La Chine, en quête de compétitivité et d’autonomie technologique, et les États-Unis, soucieux de préserver leur leadership économique et leur sécurité nationale, ont tous deux recours à ces instruments. Washington restreint notamment l’accès de la Chine aux technologies de pointe, en ajoutant régulièrement des entreprises, des organisations et des individus chinois à sa liste d’entités, ce qui pourrait perturber la stratégie de mondialisation chinoise. Les droits de douane, prévus par les articles 232 et 301 du Trade Expansion Act, sont également utilisés pour limiter l’accès des produits chinois au marché américain. Si ces mesures peuvent être justifiées par la lutte contre les pratiques commerciales déloyales ou les préoccupations de sécurité nationale, certaines sont perçues comme des tentatives déguisées de coercition économique.
En réponse, la Chine accélère ses efforts pour atteindre l’autosuffisance technologique. Récemment, Pékin a interdit aux entreprises chinoises d’acheter des puces d’intelligence artificielle de Nvidia, et exploite sa position dominante dans la production de terres rares – contrôlant environ 90 pour cent de la production mondiale de ces minéraux essentiels aux technologies de pointe – pour faire pression sur les États-Unis.
L’investissement direct étranger (IDE) est également devenu un outil de rivalité. Les États-Unis s’inquiètent des risques d’espionnage et de vol de propriété intellectuelle liés aux investissements chinois dans les technologies américaines de pointe, et ont renforcé les restrictions réglementaires, notamment avec la loi FIRMA de 2018. Parallèlement, les États-Unis et l’Union européenne ont eu recours à des sanctions financières, notamment des exclusions du système SWIFT, des gels d’actifs et des interdictions de transactions, contre des pays comme la Russie, l’Iran et l’Afghanistan. Ces sanctions ont conduit à une demande accrue de systèmes de paiement alternatifs au dollar américain.
Dans le domaine technologique, les États-Unis cherchent à limiter l’influence chinoise sur l’infrastructure mondiale, notamment en matière de câbles sous-marins, et utilisent leurs politiques numériques, comme les règles antitrust et de protection des données, comme de nouveaux instruments de négociation commerciale.
L’Asie du Sud-Est, et en particulier l’ASEAN, se trouve au cœur de cette rivalité. Les pays de la région sont directement ou indirectement touchés par ces pressions économiques. Ils sont confrontés à des menaces de tarifs de transbordement, et doivent choisir entre les écosystèmes technologiques américain et chinois. En réponse, l’ASEAN adopte une stratégie de diversification, de multi-alignement et de renforcement de l’intégration régionale.

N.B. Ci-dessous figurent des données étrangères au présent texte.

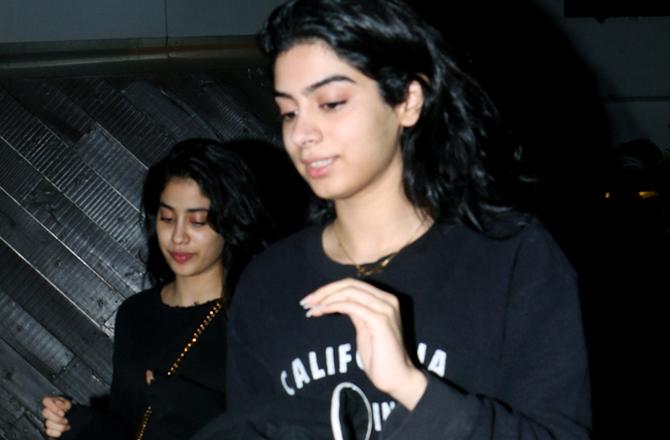 Janhvi Kapoor and Khushi Kapoor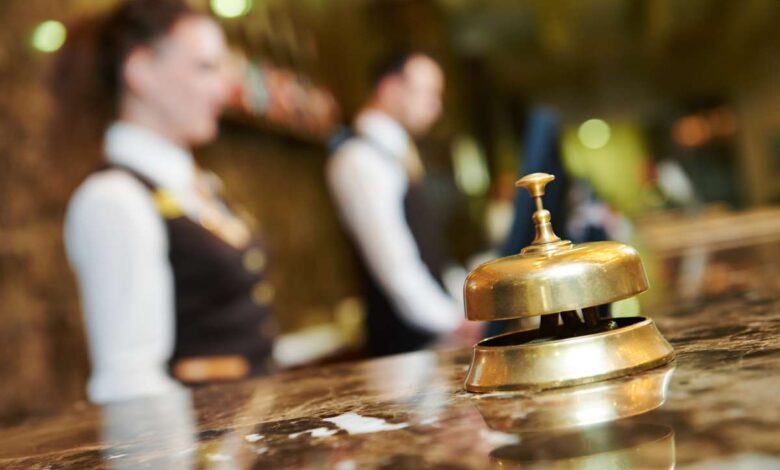 Empleada de hotel sufre paro cardíaco tras ser escupida por un cliente que se negó a usar cubre bocas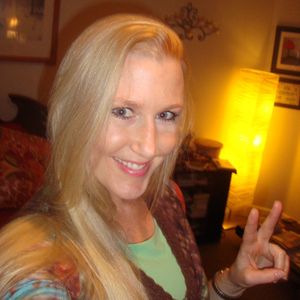 Profile Picture of Kim Forsyth (@sunygrl) on Myspace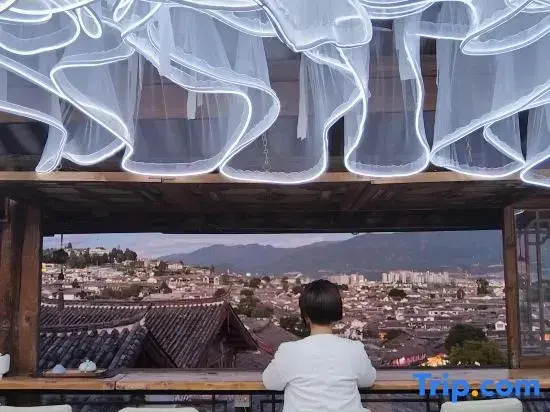 Лицзян: Lijiang Zhenmei Shishan Scenic Inn (Sifang Street Big Water Wheel Store)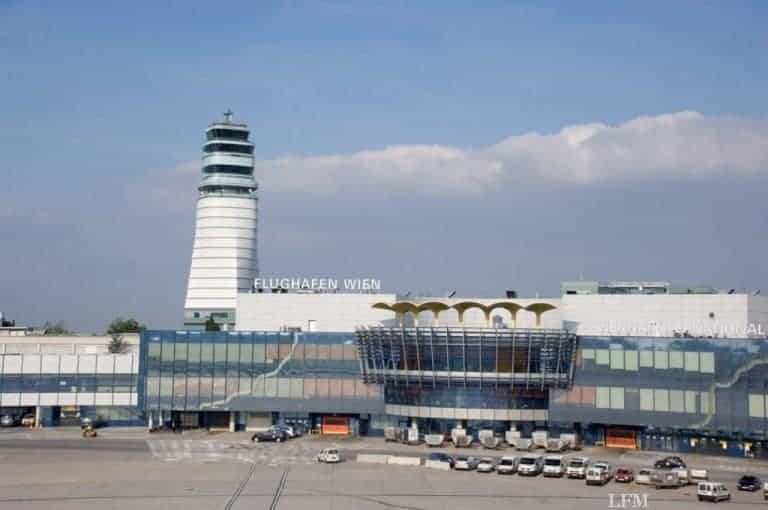 Stromtankstelle am Flughafen Wien am Netz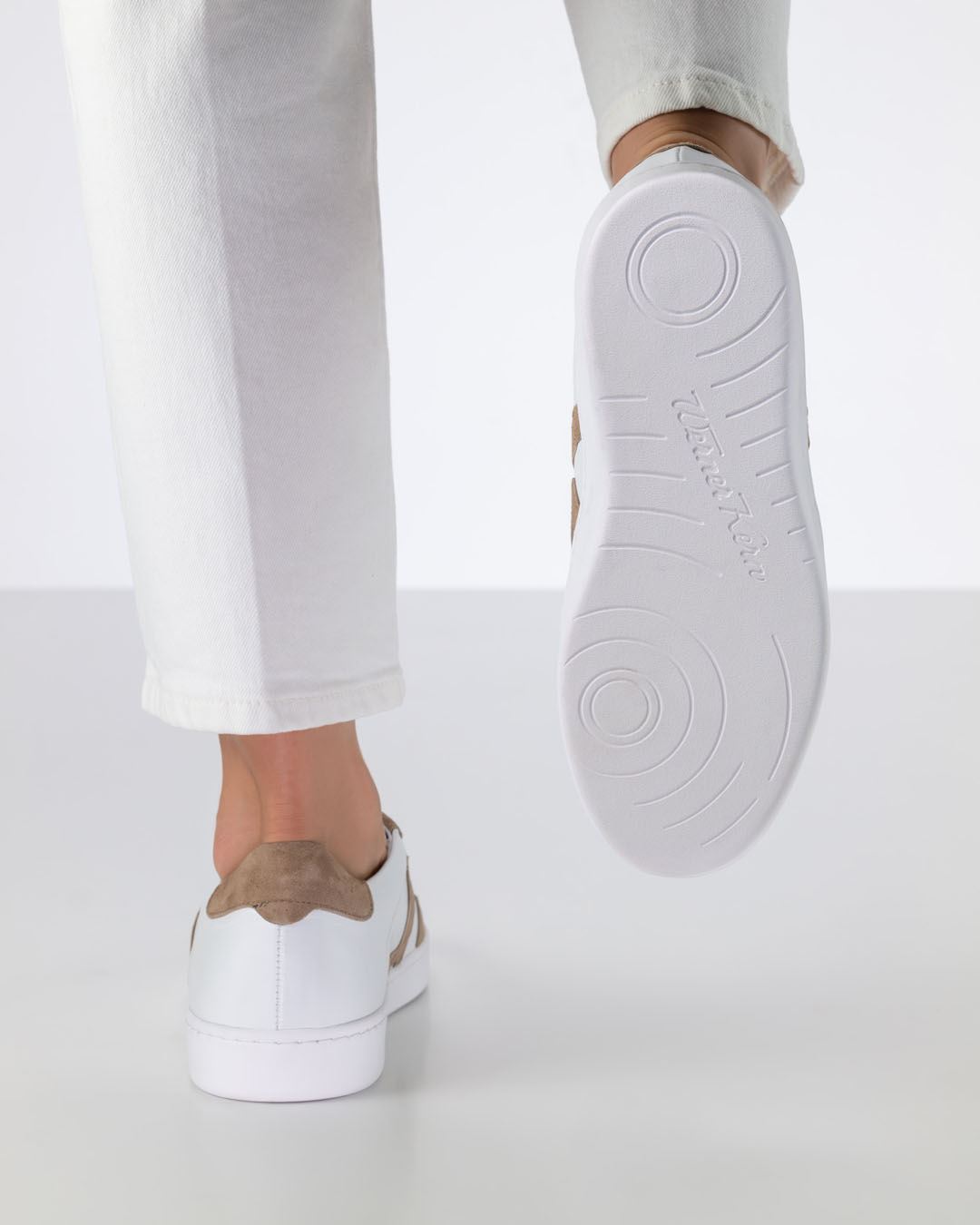 Suela blanca de zapatillas de baile con puntos de giro, de Werner Kern
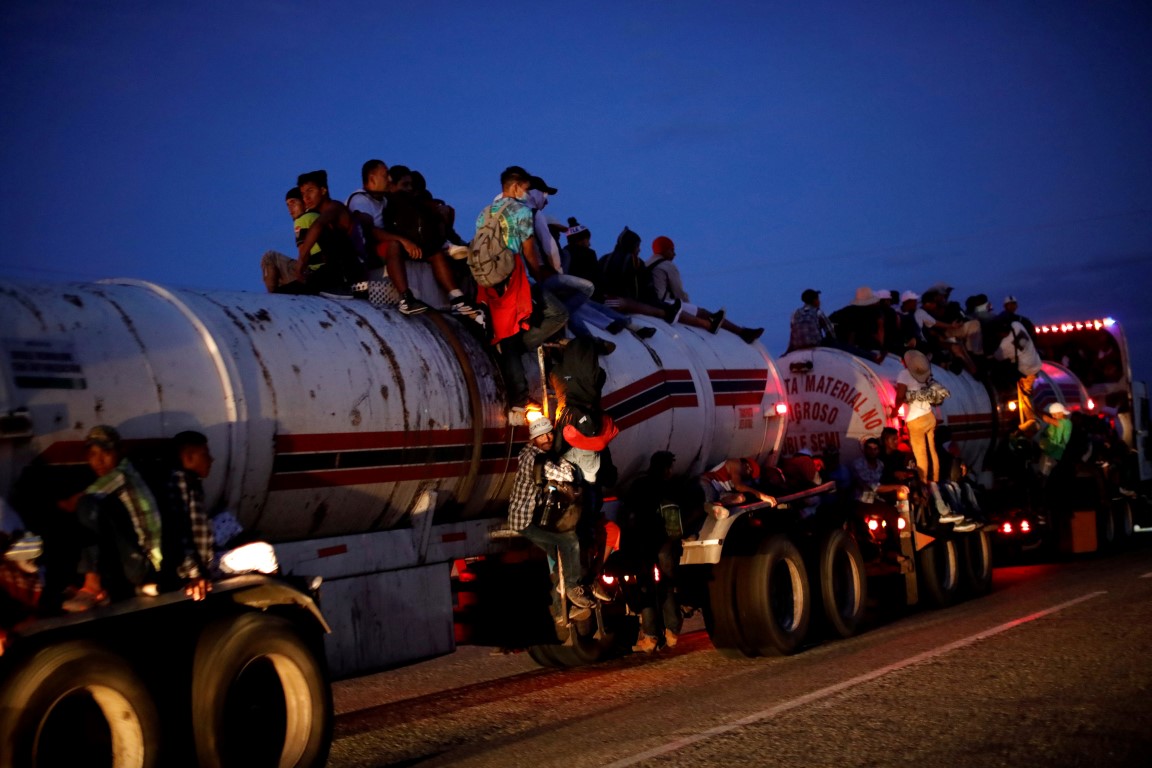 Mexico offers temporary work permits to members of migrant caravan Mexico offers temporary work permits to members of migrant caravan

Le groupe a notamment mis en place le Cadre de l’ASEAN sur la chaîne d’approvisionnement intégrée en semi-conducteurs (AFISS) pour favoriser la coopération régionale dans ce secteur stratégique.
L’ASEAN doit cependant aller au-delà des réponses à court terme. L’ordre économique mondial est en pleine reconfiguration, et l’ASEAN, en tant que cinquième économie mondiale, a un rôle à jouer dans la construction d’un nouvel ordre économique mondial plus équilibré et durable. Pour cela, il est essentiel que les États membres de l’ASEAN maintiennent leur unité et leur cohésion, et qu’ils utilisent l’ASEAN comme une plateforme pour faire face collectivement aux défis posés par la rivalité sino-américaine.